[Start of section]
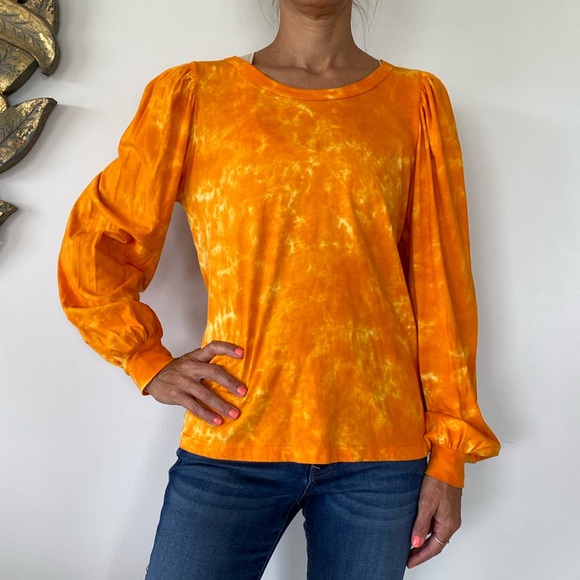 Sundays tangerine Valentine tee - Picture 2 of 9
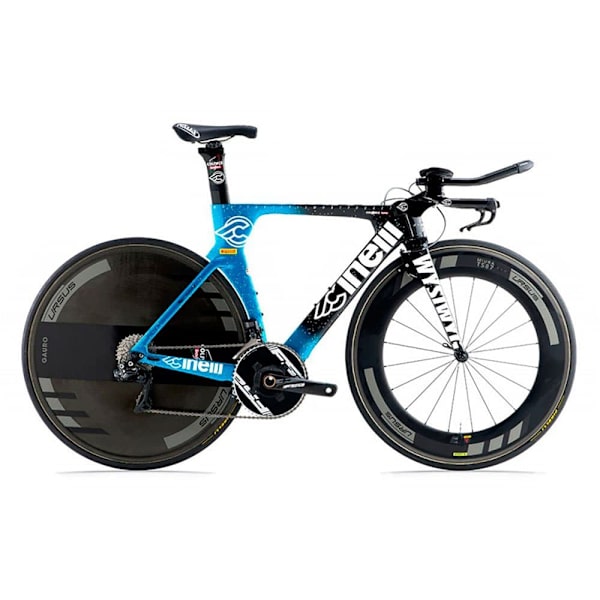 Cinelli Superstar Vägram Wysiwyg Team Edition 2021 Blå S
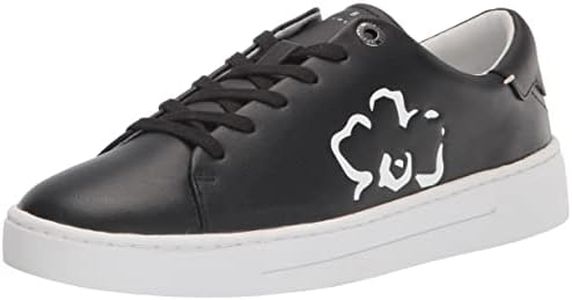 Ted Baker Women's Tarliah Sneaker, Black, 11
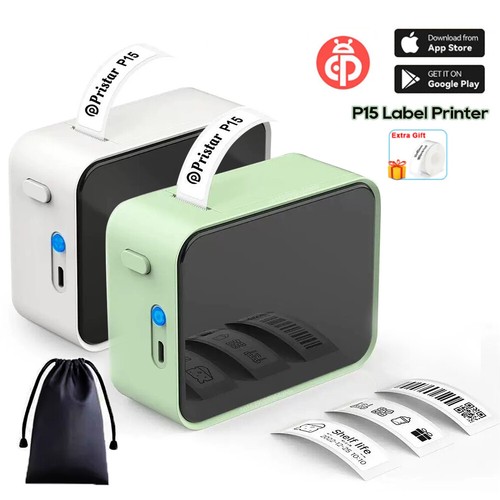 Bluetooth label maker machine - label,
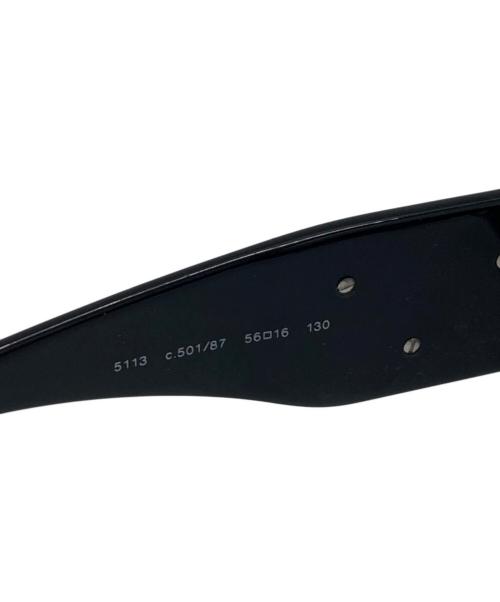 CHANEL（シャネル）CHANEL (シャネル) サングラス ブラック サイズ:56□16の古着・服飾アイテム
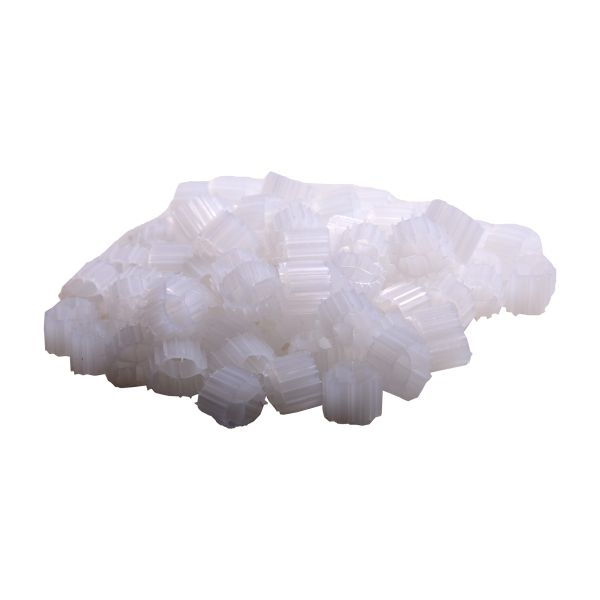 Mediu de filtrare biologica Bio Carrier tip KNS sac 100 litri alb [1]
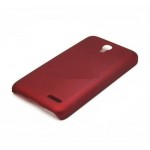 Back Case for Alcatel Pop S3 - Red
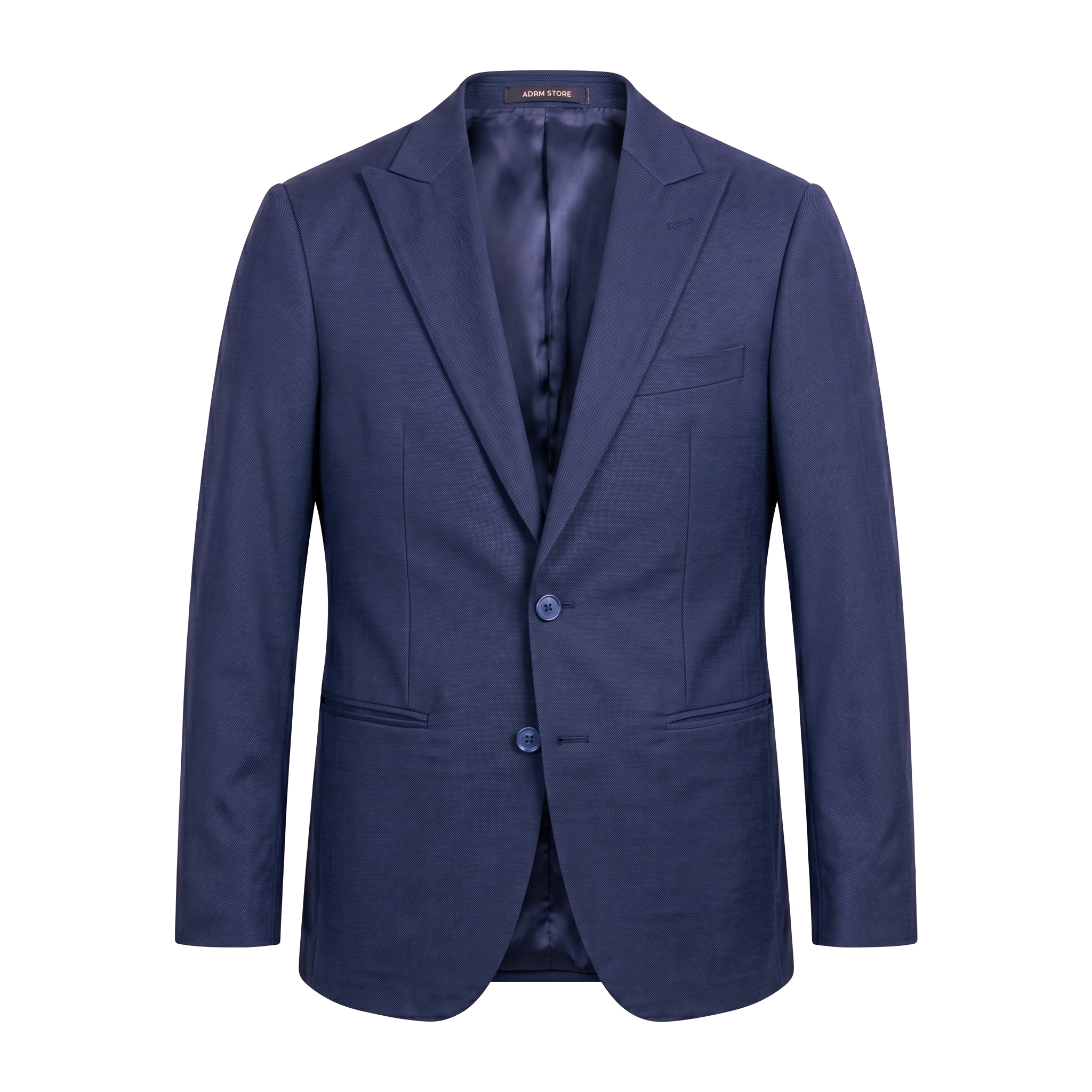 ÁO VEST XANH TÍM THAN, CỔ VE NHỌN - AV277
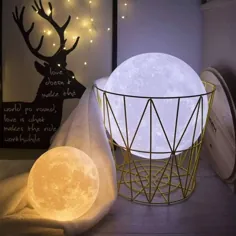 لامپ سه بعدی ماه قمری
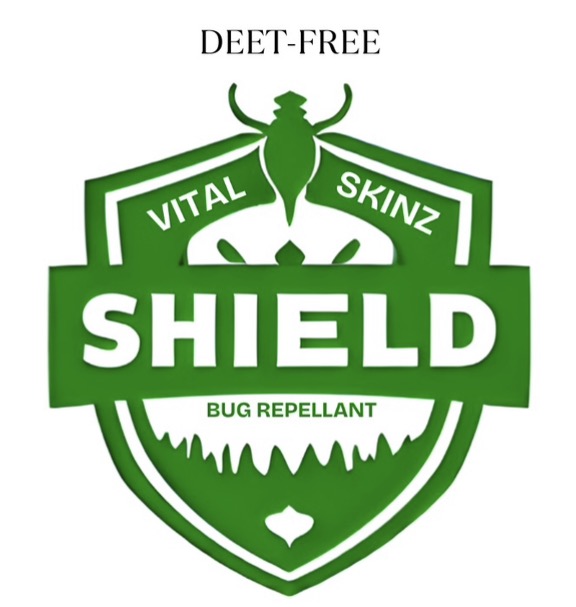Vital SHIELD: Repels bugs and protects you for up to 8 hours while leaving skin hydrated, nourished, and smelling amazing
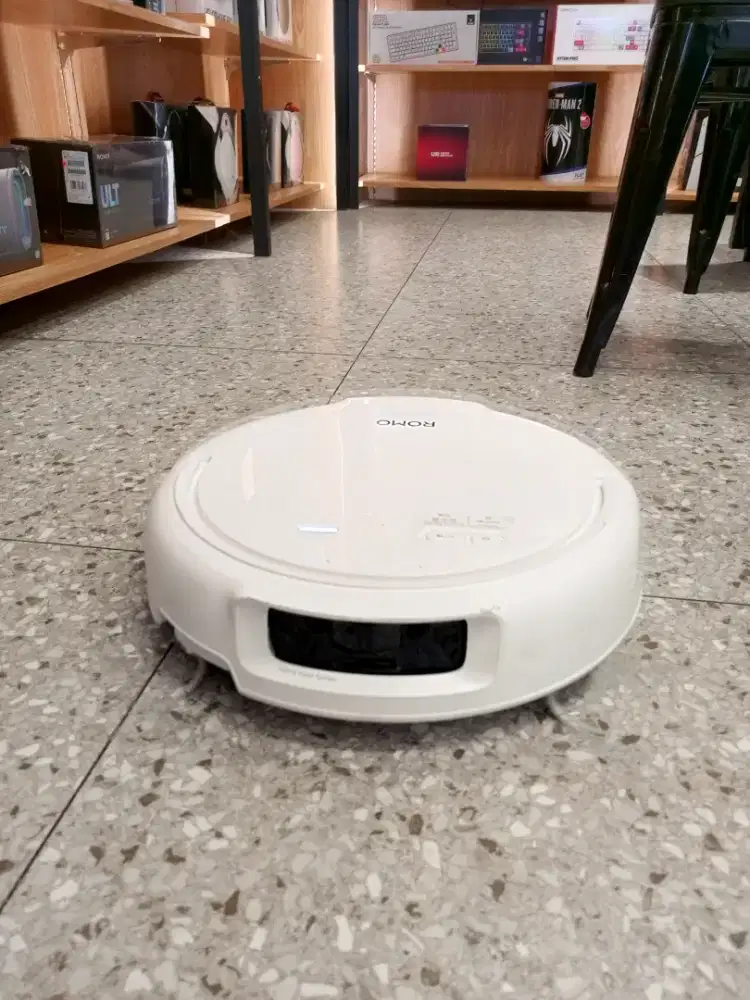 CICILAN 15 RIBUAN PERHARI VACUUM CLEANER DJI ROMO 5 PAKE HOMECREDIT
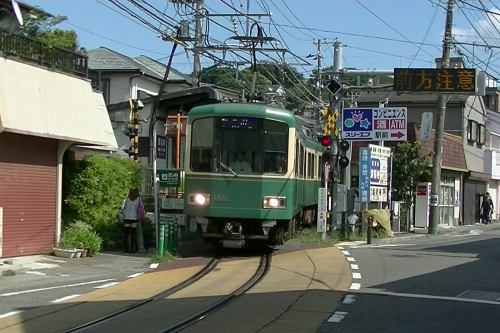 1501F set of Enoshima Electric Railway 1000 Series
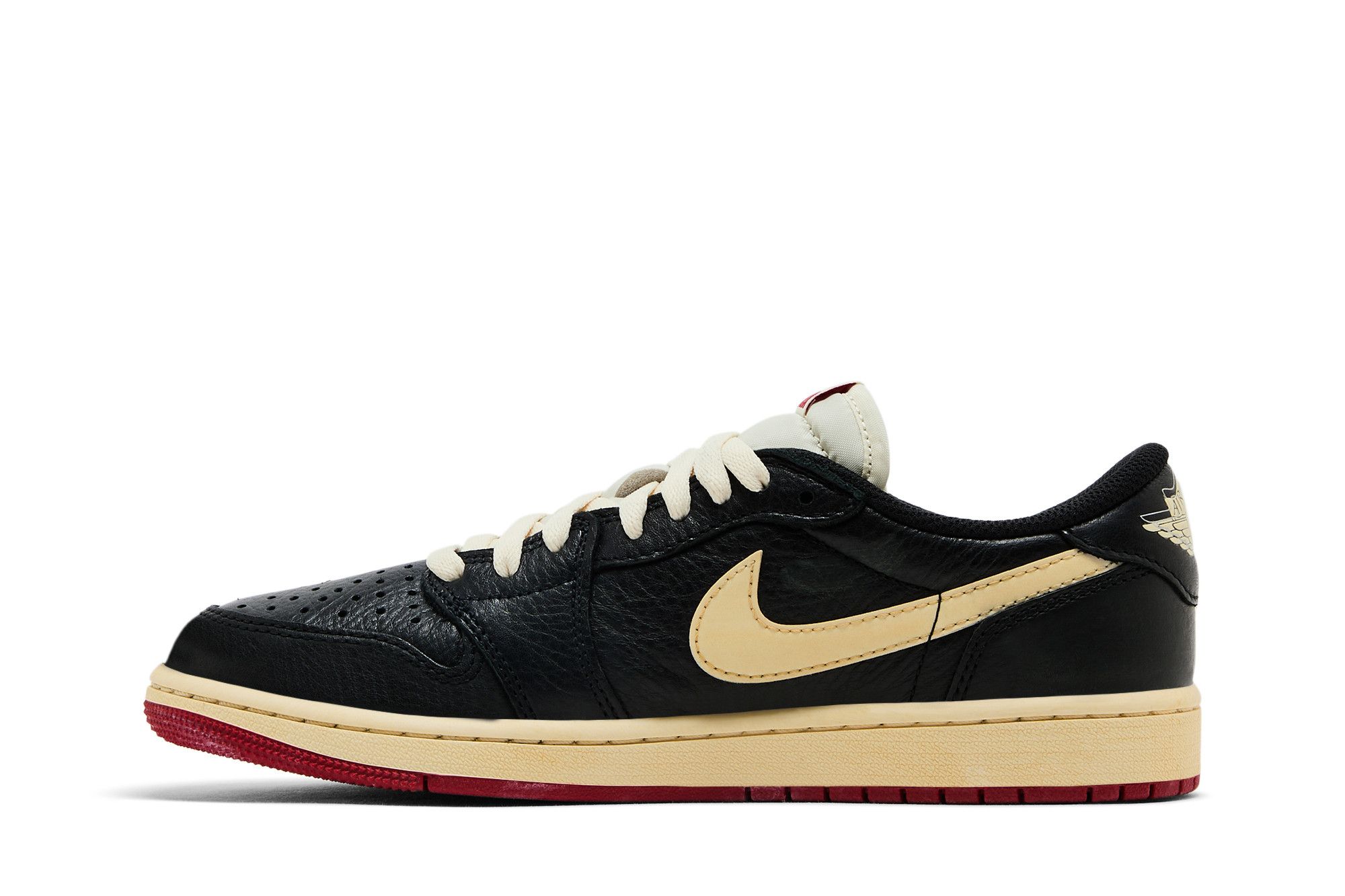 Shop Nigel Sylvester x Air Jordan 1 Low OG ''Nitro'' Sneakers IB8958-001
[End of section]
◆ **Exercise prompt**
Output, exactly and with no pictures, every line from the one that contains "CICILAN 15 RIBUAN" through the final line of the entries.

◆ **The completed task**
 CICILAN 15 RIBUAN PERHARI VACUUM CLEANER DJI ROMO 5 PAKE HOMECREDIT
 1501F set of Enoshima Electric Railway 1000 Series
 Shop Nigel Sylvester x Air Jordan 1 Low OG ''Nitro'' Sneakers IB8958-001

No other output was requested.